Because of the heterogeneity in patient characteristics among the mCVG and bCVG groups, propensity
score matching (PSM) was used to adjust for baseline differences and reduce confounding. The probability
of being assigned to different surgical treatments was calculated from demographic and preoperative
patients’ characteristics; the most clinically important variables were then entered into the PSM model.
Selected variables were age, family history of aortic disease, hypertension, diabetes, urgent/emergency
procedure, previous open-heart surgery, dissection at presentation, aneurysm size, connective tissue
disorders, and the New York Heart Association (NYHA) class.
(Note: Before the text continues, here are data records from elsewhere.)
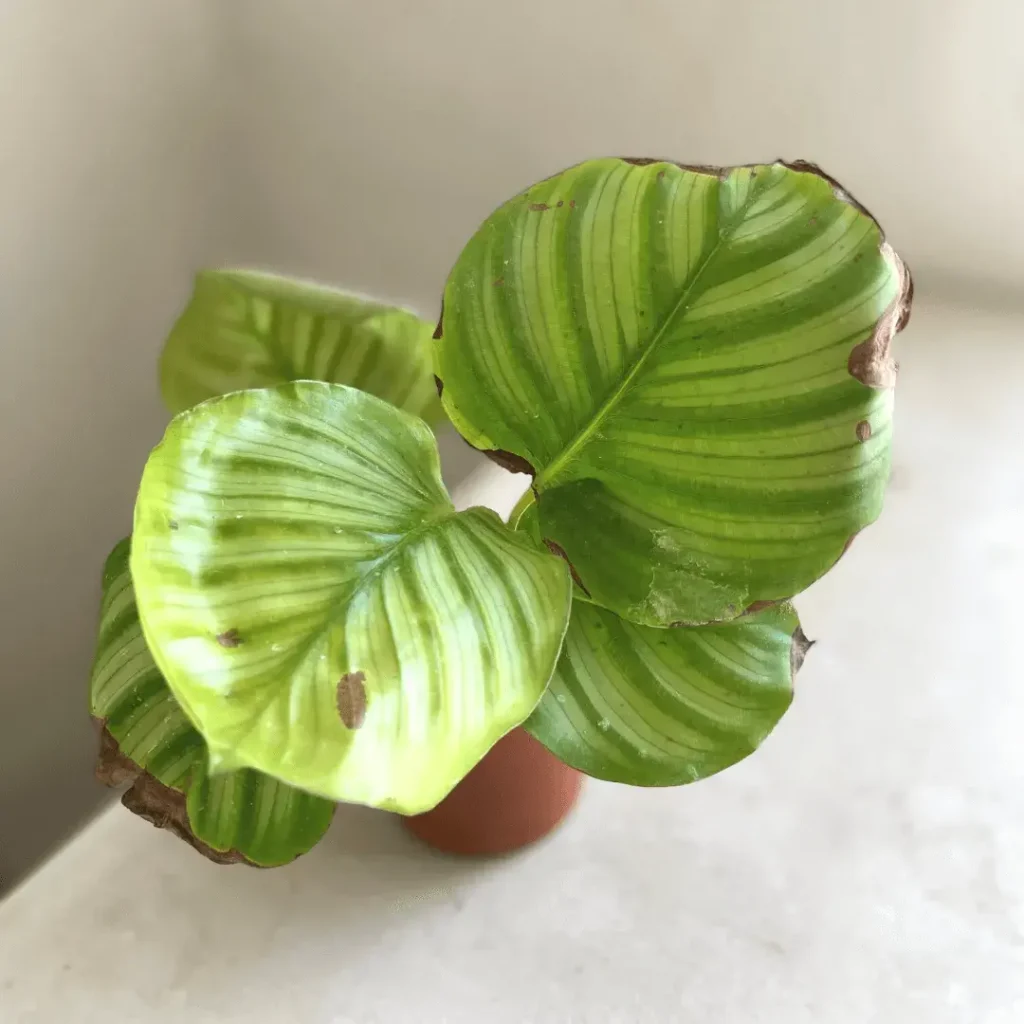 calathea-hojas-marrones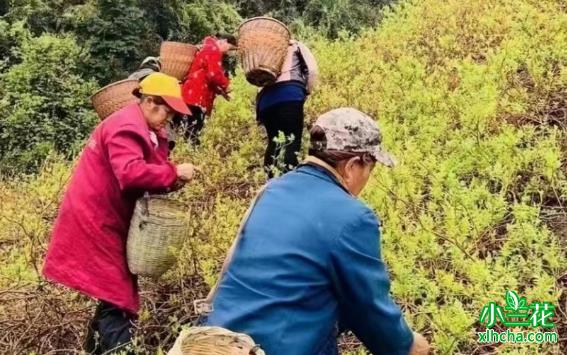 湖南茅岩河：小茶叶大产业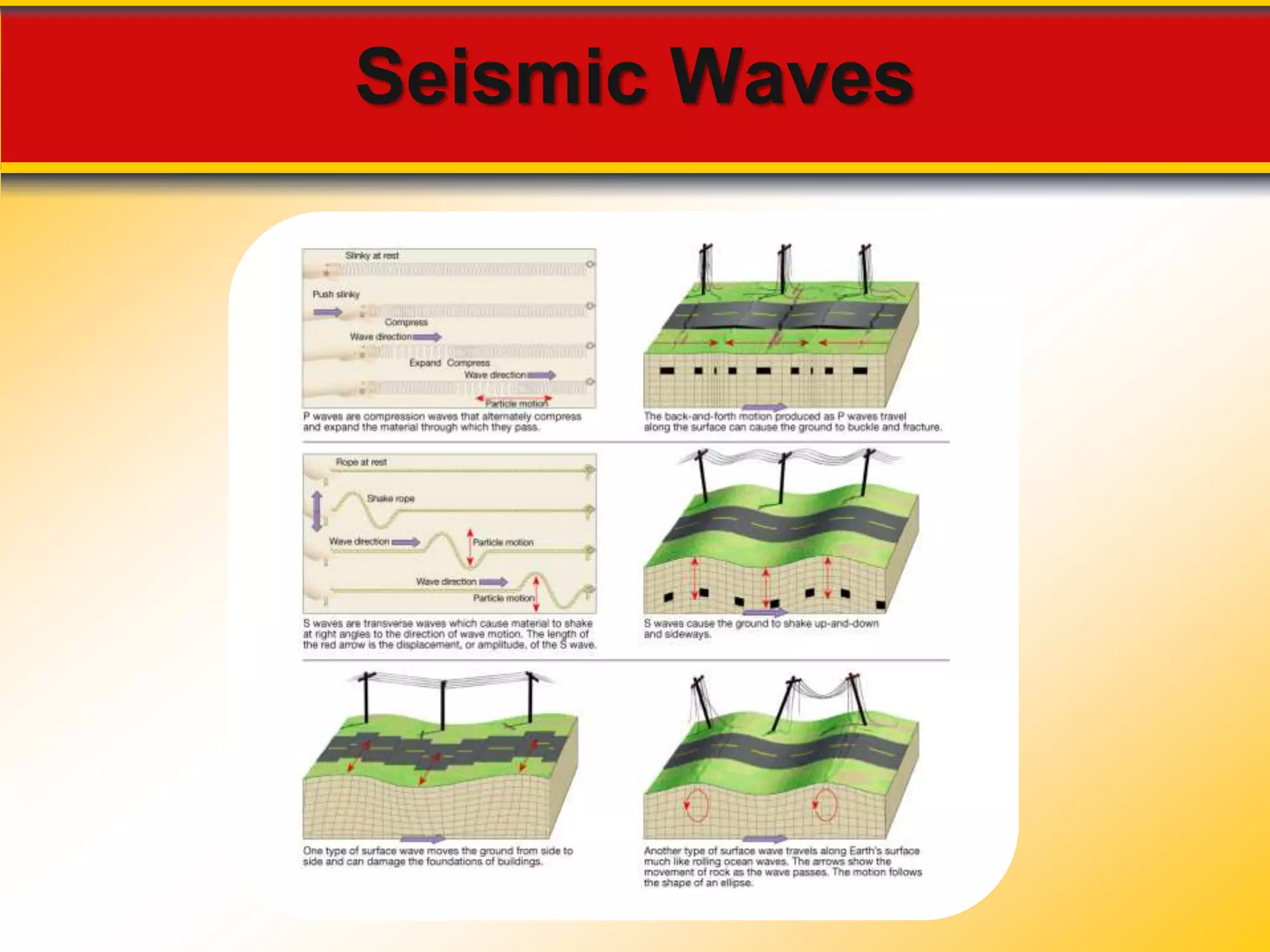 Seismic Waves 
 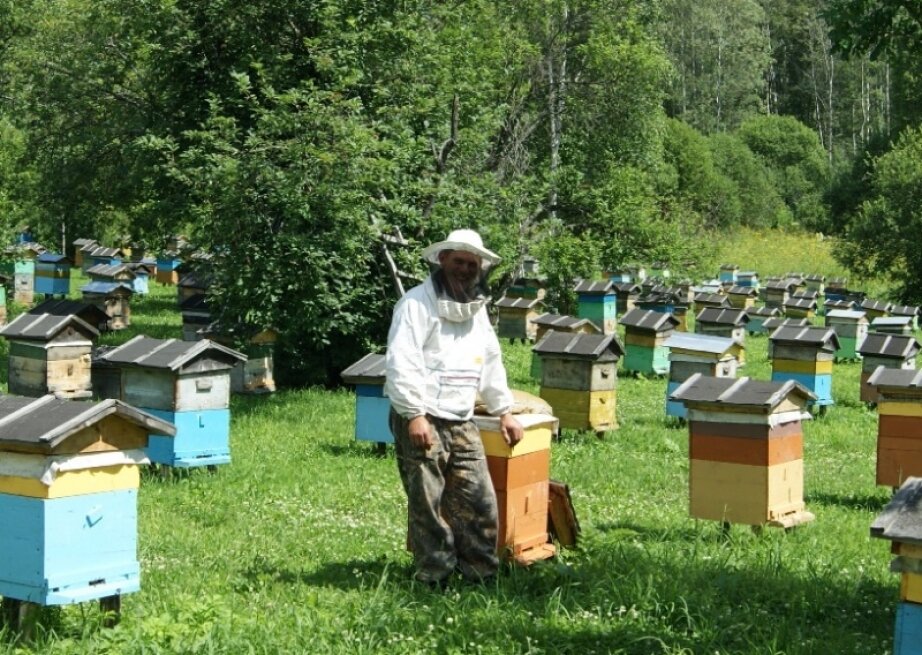 ПОПРОБУЙТЕ ЗАВЕСТИ ПЧЕЛ. Разговор шестой и последний | Наука и жизнь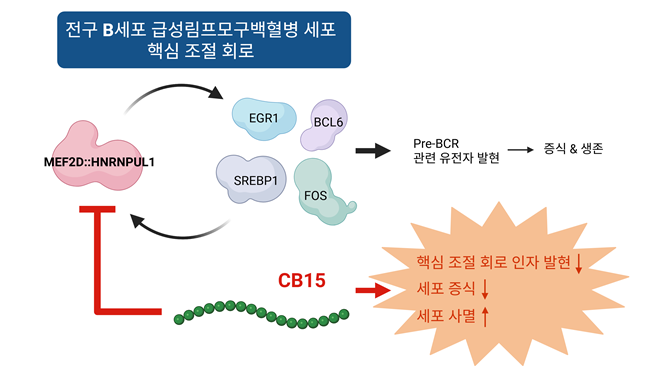 전구 B세포 급성림프모구백혈병 세포에서 CB15의 작동 기전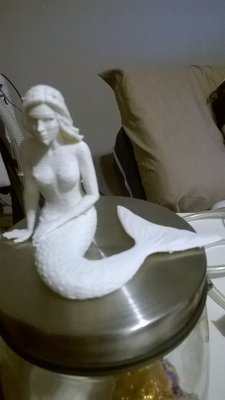 WP_20160227_011.jpg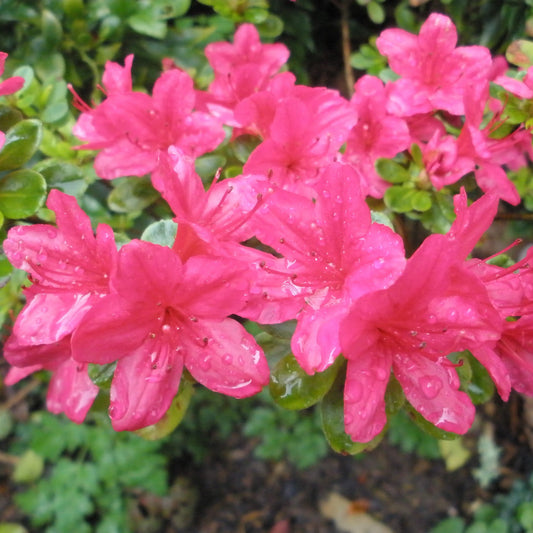 Azalea Hinode Giri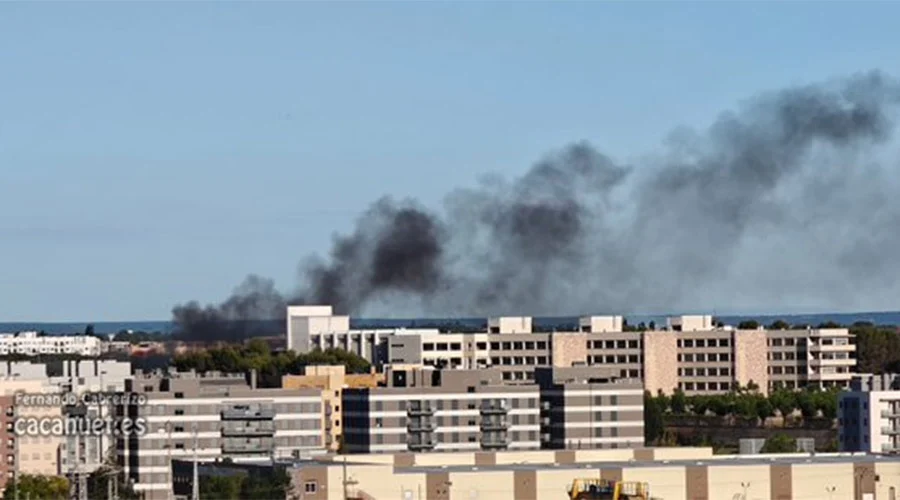ECPLOSION GUAMUCHIL 2a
These covariates were used to compare both
surgical techniques by logistic regression algorithm in 1-1 PSM. The nearest neighbor matching algorithm
without replacement and a caliper size of 0.10 was used. Propensity matching models were assessed using
balance diagnostics and standardized mean differences (SMD), with SMD < 0.10 reflecting a proper balance
between groups.
Data were stored using Microsoft Access 2010 (Microsoft) and analyzed using R version 3.6.2 (R
Foundation for Statistical Computing) within RStudio. Tableone, Survival, Survminer, and MatchIt were
used.
RESULTS
From May 1997 to December 2019, 1,210 patients underwent aortic valve and root replacement with a
Bentall-De Bono operation at our institution. Of these, 798 (65.9%) received a bCVG, while 412 (34.1%)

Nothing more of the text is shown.